Les enseignants s’en rendent parfois compte en surveillant des examens. Professeure d’anglais en lycée dans le Var, Anne (certaines personnes interrogées ont requis l’anonymat) supervisait les épreuves de français au baccalauréat l’an dernier quand une élève lui a demandé l’heure. « J’étais étonnée, j’avais vérifié en arrivant que l’horloge fonctionnait bien. » Elle la lui a désignée du regard. « Elle m’a dit qu’elle ne savait pas lire l’heure sur une aiguille. » « En contrôle, j’entends régulièrement “madaaaame, il reste combien de temps ?”, et ils ont l’air un peu égaré quand je leur montre l’horloge bien visible au-dessus du tableau », raconte aussi Claire, enseignante de SVT en banlieue parisienne. Une autre professeure de SVT en lycée explique que, depuis deux ans, elle constate que ses élèves ne lisent plus l’heure sur une horloge : « Ils ne s’en cachent pas, ils sont trop habitués à leur téléphone. »
A la boutique de montres Louis Pion de la rue de Rennes, à Paris, Radia, vendeuse, a remarqué ces dernières années que les montres Casio vintage s’arrachaient au mois de mai, à l’approche de la saison des examens, histoire d’avoir l’heure numérique sur soi. « C’est un carton ! », confirme Vincent Kindmann, horloger à Chartres. Ces montres, ainsi qu’un petit réveil de voyage pliable à 25 euros qu’élèves et étudiants achètent pour le poser sur la table pendant les contrôles, au cas où les montres seraient interdites (c’est le cas des montres connectées). Marthe, en première année de fac de géographie, se souvient d’en avoir apporté un pour les épreuves écrites du bac, parce qu’elle avait « peur de s’embrouiller » avec les chiffres romains de l’horloge à aiguilles.

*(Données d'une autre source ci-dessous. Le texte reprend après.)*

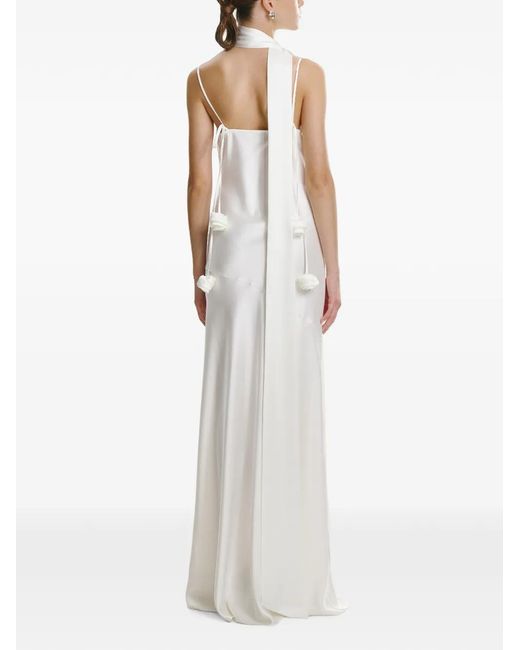 Lita Couture White Cowl-Neck Maxi Dress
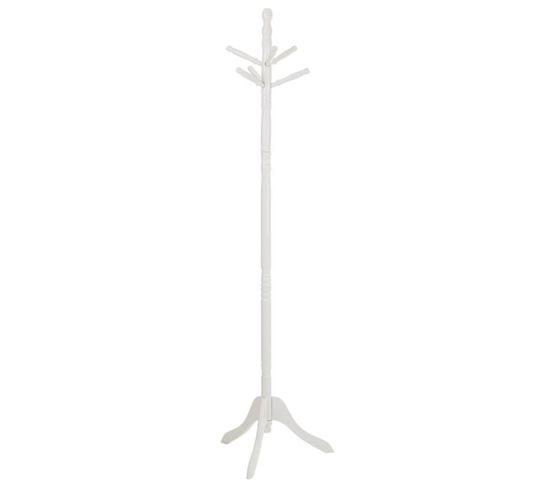 Portemanteau Sur Pied En Bois Laqué Coloris Blanc - Longueur 44 X Profondeur 44 X Hauteur 172  Cm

Dans certains lycées, lors des examens de fin d’année, les surveillants notent ponctuellement le temps qui reste au tableau. Dans son établissement du Var, Anne dit avoir pris l’habitude de « faire horloge parlante » : elle donne régulièrement l’heure à voix haute. Au Royaume-Uni, cela fait déjà quatre ans que l’Association des directeurs de collèges et de lycées (Association of School and College Leaders, ASCL) recommande à ses membres de remplacer les horloges à aiguilles, trop stressantes, par des horloges numériques. « La question avait été soulevée pendant une réunion d’une association de responsables d’examens. Ceux-ci avaient remarqué que de plus en plus d’élèves avaient du mal à savoir combien de temps il leur restait », se souvient Malcolm Trobe, alors secrétaire général de l’ASCL.
D’autres professionnels de l’éducation sont aux premières loges du déclin des aiguilles : les professeurs de langues. « Quand j’ai commencé il y a quinze ans à Bagneux, se souvient Paula Antunes, professeure d’anglais, je m’attendais à des difficultés lexicales dans l’apprentissage de l’heure, sur “past”, “to”, “o’clock”… A l’époque, on projetait des horloges au tableau. En fait, ils ne savaient pas du tout lire l’heure. J’ai vite changé et je n’ai plus mis de cadran. » Désormais enseignante au lycée Lakanal, à Sceaux (Hauts-de-Seine), elle dit que ses élèves de 4e semblent savoir lire l’heure, mais que, pendant les contrôles, elle les surprend à la vérifier sur leur téléphone, théoriquement interdit en classe. « Si je leur dis qu’il y a une horloge dans la classe, ils me rétorquent que c’est plus dur à lire. » Elle en voit aussi certains compter les traits de l’horloge pour être sûrs.